Is she a good student? How I answer that question would depend on how we define a good student. If we define it as a student who is always hard-working, who is always pleasant to be with, who always gets her work done and always does stellar work, there was no way I could possibly describe the student L was asking about as a “good student.” Indeed, by that metric, she is just about everything — anything — but. Or at least she was. At the beginning of the year, she was belligerent, often refusing to work, often showing nothing but unreasonable anger about any correction or redirection. She was, in short, a nightmare student. And that means that I was immediately drawn to her, immediately interested in helping her, and immediately frustrated with her more often than not.
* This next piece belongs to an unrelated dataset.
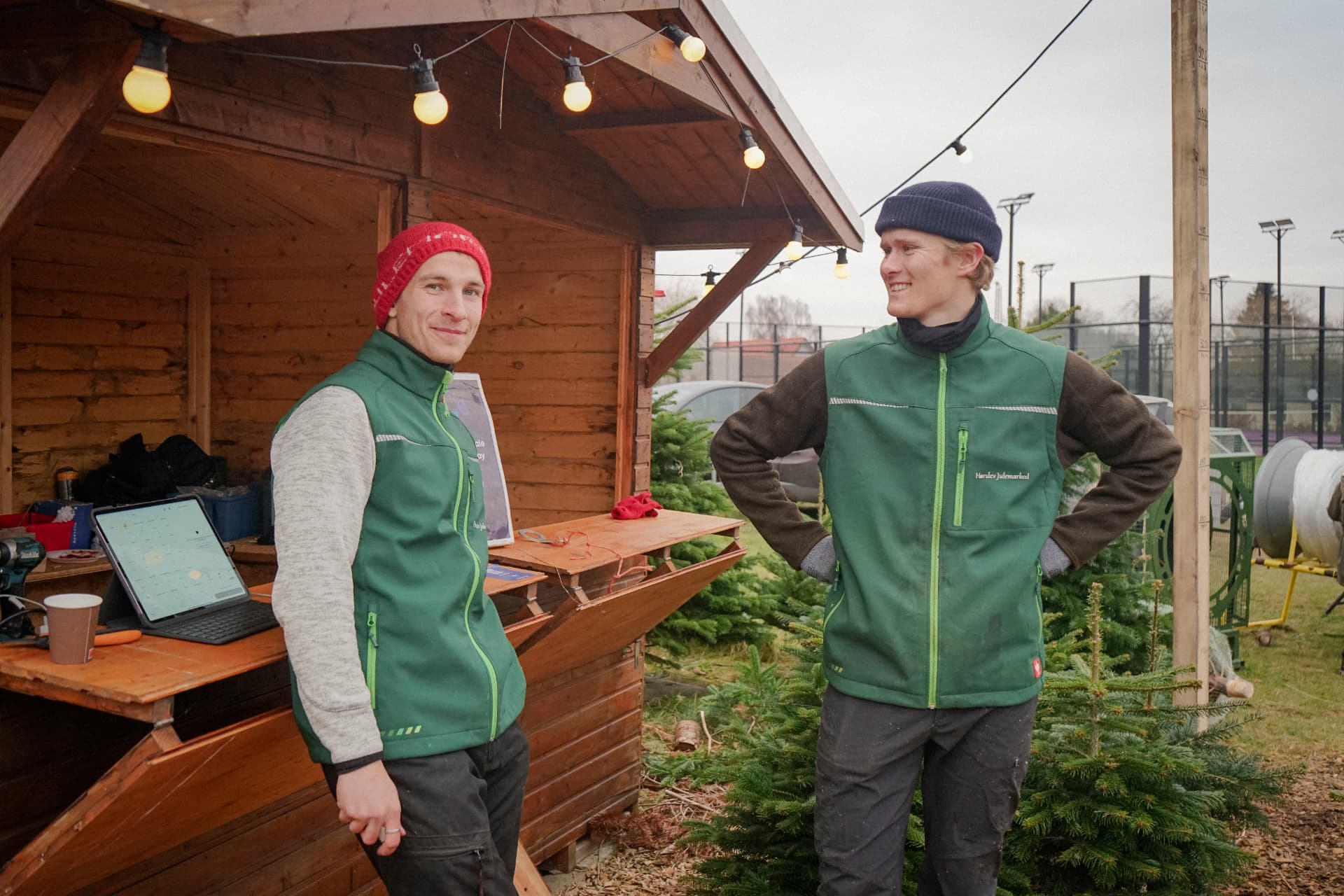 To medarbejdere i grønne Hørslev Julemarked-veste ved salgsboden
But the last few months, she’s been changing. Some days, she works. Some days, she’s incredibly attentive during whole-class instruction. And then some days, she’s back to her old games. But there is progress. And really, if we look at any definition of a good student, progress must be factored into the definition.
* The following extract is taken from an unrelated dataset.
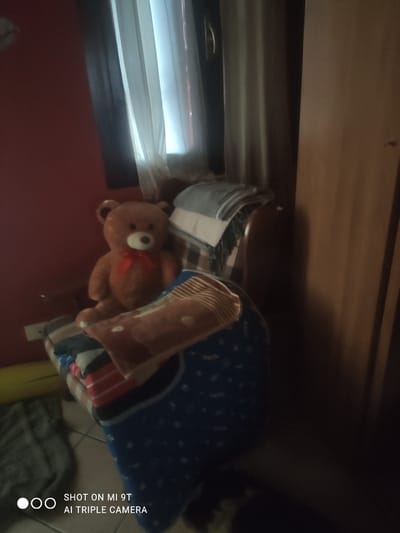 A fuzzy, low-light indoor scene depicts a teddy bear sitting on a chair piled with blankets. The teddy bear is brown with a red bow tie. The blankets appear to be stacked in a haphazard manner. A dimly lit room with red walls is visible in the background, along with a window covered by white curtains. The overall impression is of a cluttered, personal space. The location is specified as Bagnoli di Sopra, Italy.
“Sometimes, sweetie, sometimes,” I said, then added, “Why?”

“Because she got them all right.”

Superlative

Every morning, she walks down the hall saying the same thing. Our eighth-grade school counselor’s mantra is, “It’s going to be a great day!” We teachers all smile at her and nod affirmingly or make a snide comment with a smile — “Not with this headache” or some similar thought — and move into our day without giving it another thought. While she does mean it — she certainly wishes we all have a great day — it’s also become somewhat of a running joke as well. She’ll look at what’s going on in the hallway, some kind of drama or other, raise her eyebrows, turn to the nearest teach and repeat, “It’s going to be a great day.”

Some days she’s prophetic: some days turn out really well. They have to — it’s the nature of teaching to have the bad but also the good, that which drew idealistic people into the profession to begin with. We all have visions of changing the world, one child at a time, of promoting self-confidence in this student, of helping that student discover latent talent. We know the statistics. We know some of the stories trailing behind our students. And we’re there to help. That’s the idealistic vision of teaching that we all cling to.

Yet even in the seemingly brightest days, there’s a kid who refuses to work, a boy who brings in some baggage from a hallway interaction and disrupts the class, a girl who is still stewing over some injustice, perceived or real, suffered in the previous class. It’s good, but it’s never perfect. How could it be? It seems for a perfect day, everyone involved in our classroom routines would need to be having perfect days as well, or at least extremely good days.

That’s the thought anyway, for such days are so rare that I think we teachers sometimes even forget they exist. The other days seem to crowd out everything else, and at one point or another, we teachers, each and everyone, have found ourselves standing in our classroom, loo out our window, wondering if we need to get out of the profession. We smile at each other in the hallway during these days and say things like, “I feel like today, if I’d just stayed home and bashed my head into the wall for eight hours, I’d have more to show for it.”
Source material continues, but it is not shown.